Harriman was named for Union General Walter Harriman, a mayor of New Hampshire, who had mentioned that the area would be a great place for a city while camping there during the Civil War. The movement to incorporate Harriman was another Union General, named Clinton Fisk, who founded Fisk University. For the first several decades, Harriman relied on the steel industry for it's economy, and rivaled Pittsburgh in steel production. The flood of 1929, coupled with the Great Depression, put an end to this, and Harriman has been only a small, quaint town since then. Harriman remained a dry city, in keeping with the "high moral character" on which it was established.
In 1994, 103 years after Harriman was founded, the residents of Harriman narrowly voted to remove the ban on alcohol, and Harriman became a wet city. Some residents were enraged, pointing to the city's founding as being opposed to any sale of alcohol (actually, alcohol had been sold to Harriman residents for decades, either in other cities, or illegally by bootleggers).

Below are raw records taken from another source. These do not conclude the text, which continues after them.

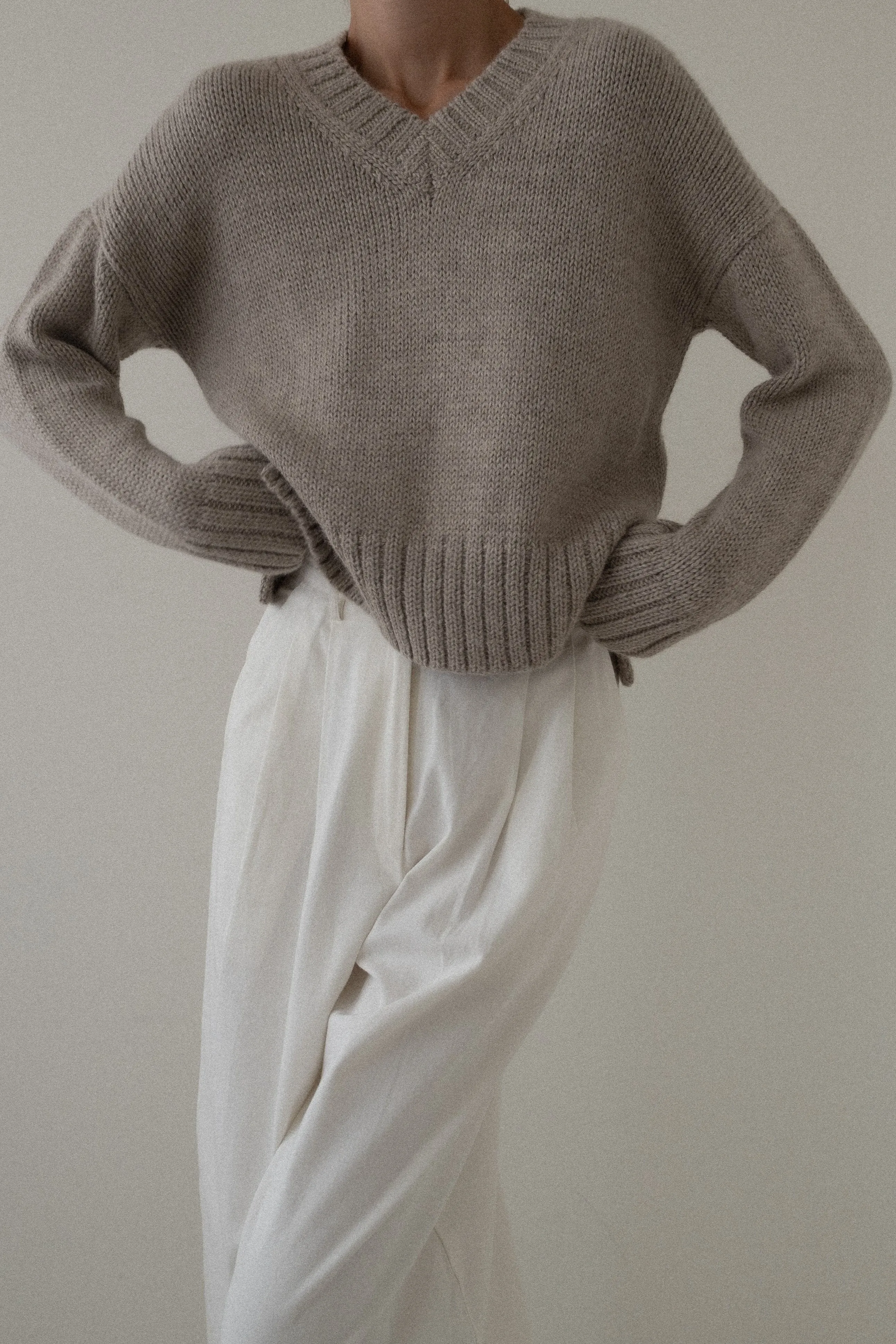 Billy V-Neck Sweater - Oat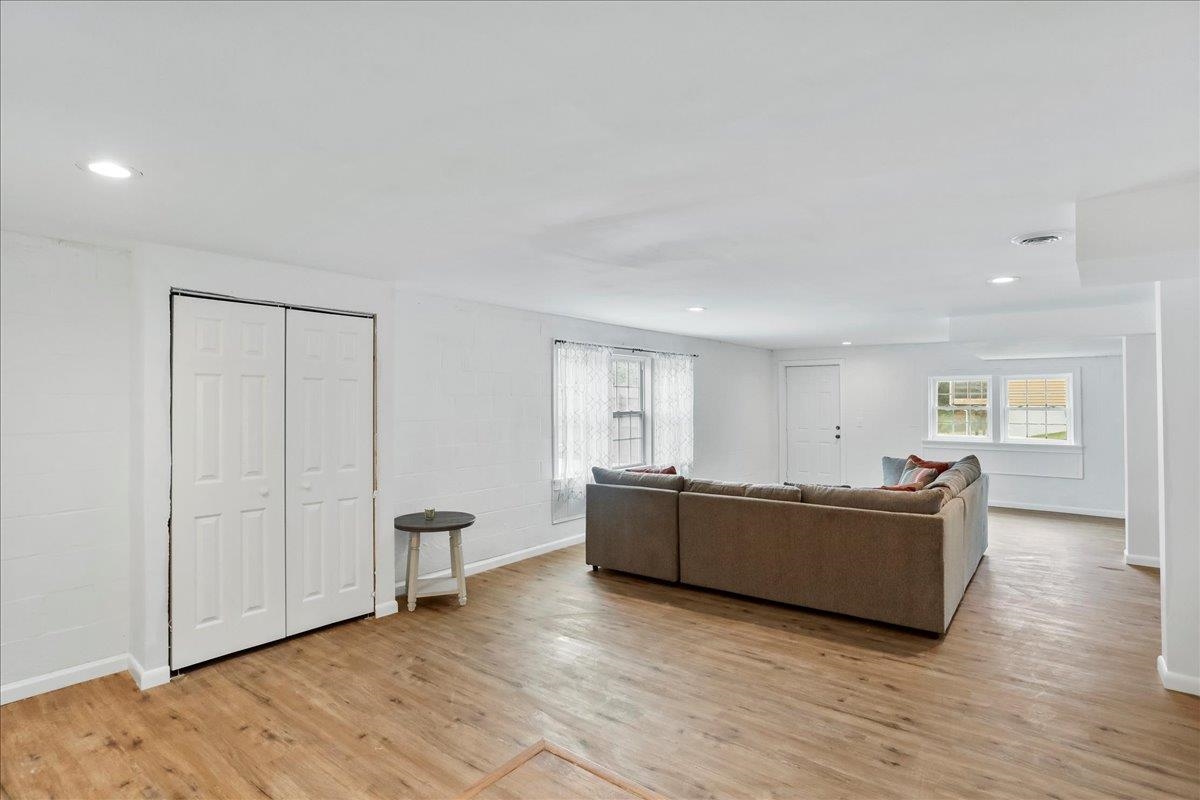 210 JACKSON AVE, NEW MARKET, Virginia 22844, 5 Bedrooms Bedrooms, ,4 BathroomsBathrooms,Residential,210 JACKSON AVE,664912 MLS # 664912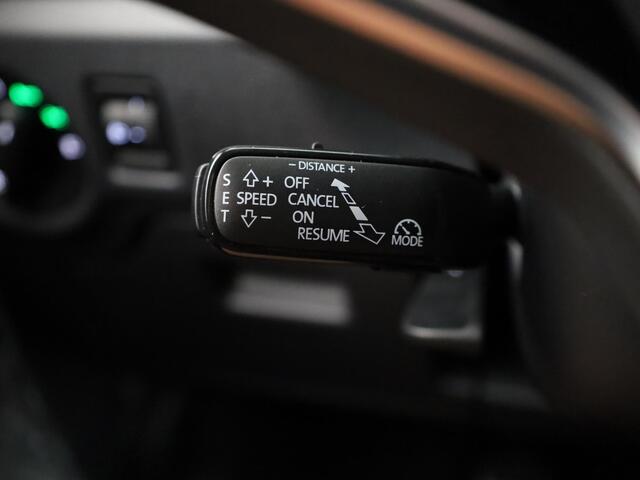 Skoda FABIA Monte Carlo 1.0 TSI 70 kW / 95 PK Hatchback 5 vers | Moon White + Black Magic | Travel Assist Pakket | Hill Start Assist | Verwarmbare Voorstoelen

Perhaps it was the reverse of the stance on alcohol that aroused spirits inside the Temperance Building, which serves as City Hall for Harriman, as well as a local museum. For years, there had been tales of ghosts haunting the historic building. These ghosts have generally been of a docile bunch, and have been heard walking around in the building after dark. Ghostly apparitions have also been seen peering out the windows as well. No identity has been definitely established for the ghosts, and they have been reported to be the ghosts of Fisk, Harriman, early councilmen, Civil War soldiers, and countless others.
If you visit downtown Harriman, stop at the Temperance Building. You will not regret it. Be sure to leave your brew behind, or you might annoy some other spirits.